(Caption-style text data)
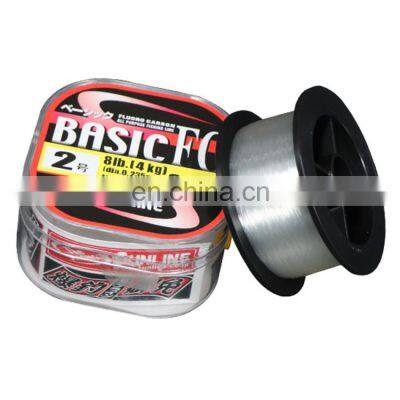 wholesale tackle fishing line fluorocarbon japanese saltwater fishing  line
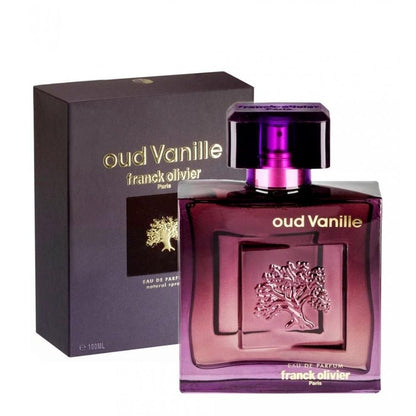 Franck Olivier Oud Vanille Eau De Parfum For Unisex 100ml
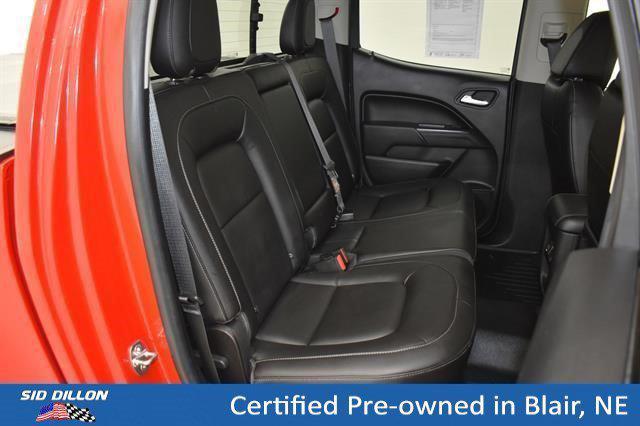 used 2019 Chevrolet Colorado car, priced at $35,020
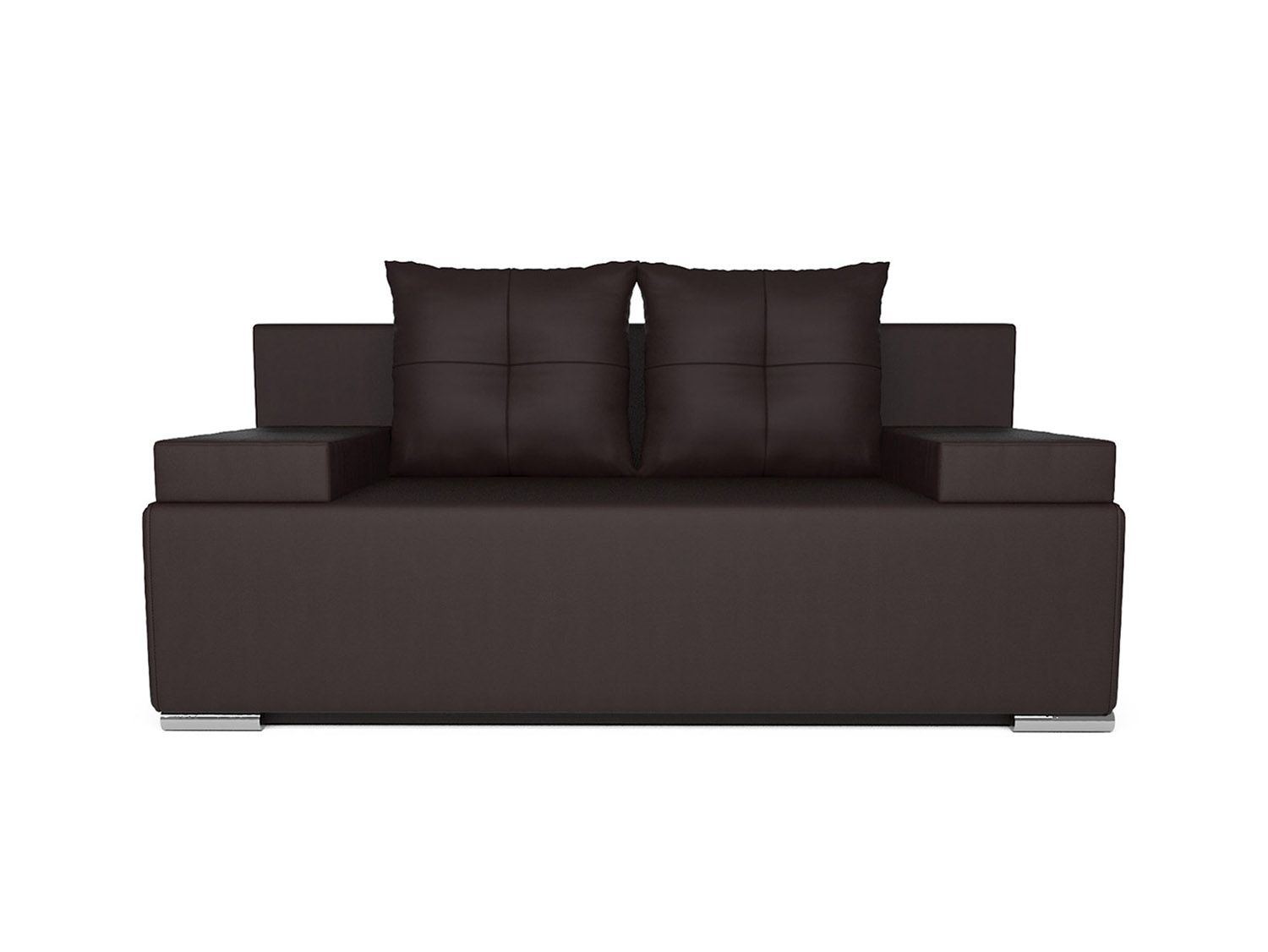 Диван Мадейра экокожа шоколад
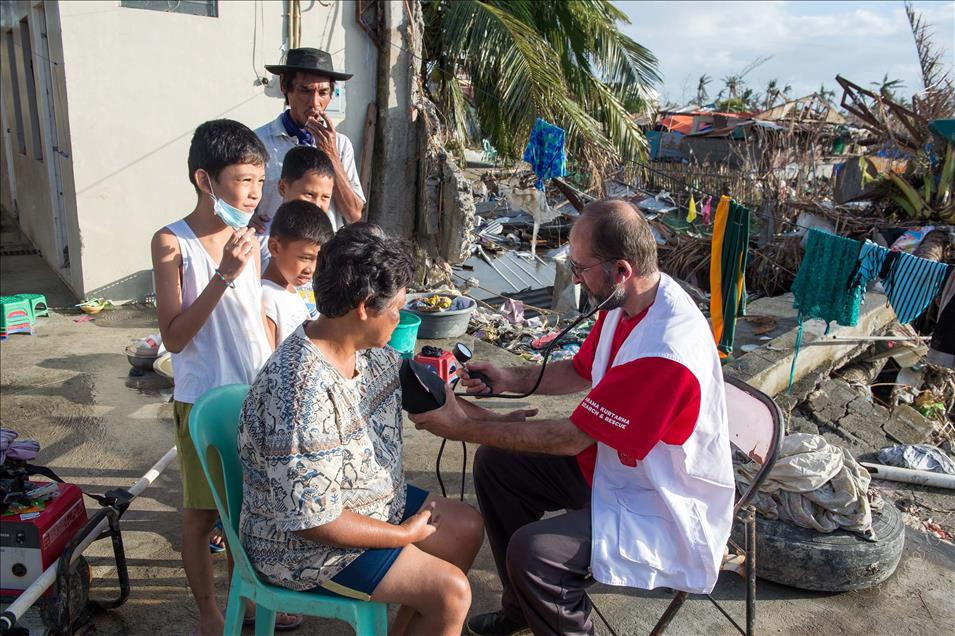 Filipinler'deki Haiyan tayfunu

YOUR GOAL
Write out each entry above once more, exactly as written, and drop the pictures.

RESULT OF THE TASK
 wholesale tackle fishing line fluorocarbon japanese saltwater fishing  line
 Franck Olivier Oud Vanille Eau De Parfum For Unisex 100ml
 used 2019 Chevrolet Colorado car, priced at $35,020
 Диван Мадейра экокожа шоколад
 Filipinler'deki Haiyan tayfunu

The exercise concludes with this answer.